Flux fp16 inference fix by latentCall145 · Pull Request #9097 · huggingface/diffusers (original) (raw)

As this issue mentions, FP16 significantly changes the result of the images. This issue surprisingly has to do with the text encoders (and not the clipping). Specifically, some activations in the text encoders have to be clipped when running in FP16 (it's a dynamic range problem, not a precision one). Forcing FP32 inference on the text encoders thus allows FP16 DiT + VAE inference to be similar to FP32/BF16.

Reproduction

from diffusers import FluxPipeline import matplotlib.pyplot as plt import torch import time torch.backends.cudnn.benchmark = True

DTYPE = torch.float16

ckpt_id = "black-forest-labs/FLUX.1-schnell" pipe = FluxPipeline.from_pretrained( ckpt_id, torch_dtype=torch.bfloat16, ) pipe.enable_sequential_cpu_offload() pipe.vae.enable_tiling() pipe.to(DTYPE)

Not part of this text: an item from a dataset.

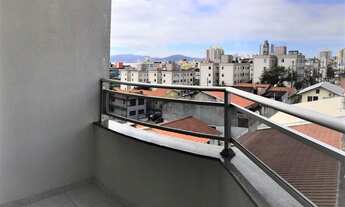 Imagem 4: Vendo Apartamento Vista Mar, com 02 dormitórios, 01 vaga de garagem, em Barreiros, próximo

images = pipe( 'A laptop whose screen displays a picture of a black forest gateau cake spelling out the words "FLUX SCHNELL". The laptop screen, keyboard, and the table is on fire. no watermark, photograph', num_inference_steps=1, num_images_per_prompt=1, guidance_scale=0.0, height=1024, width=1024, generator=torch.Generator(device='cuda').manual_seed(0), # device='cpu' results in different random tensors across different dtypes? ).images

plt.imshow(images[0]) plt.show()

Prompt

A laptop whose screen displays a picture of a black forest gateau cake spelling out the words "FLUX SCHNELL". The laptop screen, keyboard, and the table is on fire. no watermark, photograph

Other

num_inference_steps = 1
height = width = 1024

Outputs (clipped)

left to right: fp32, bf16, fp16

Outputs (clipped, fp32 text encoders)

left to right: fp32, bf16, fp16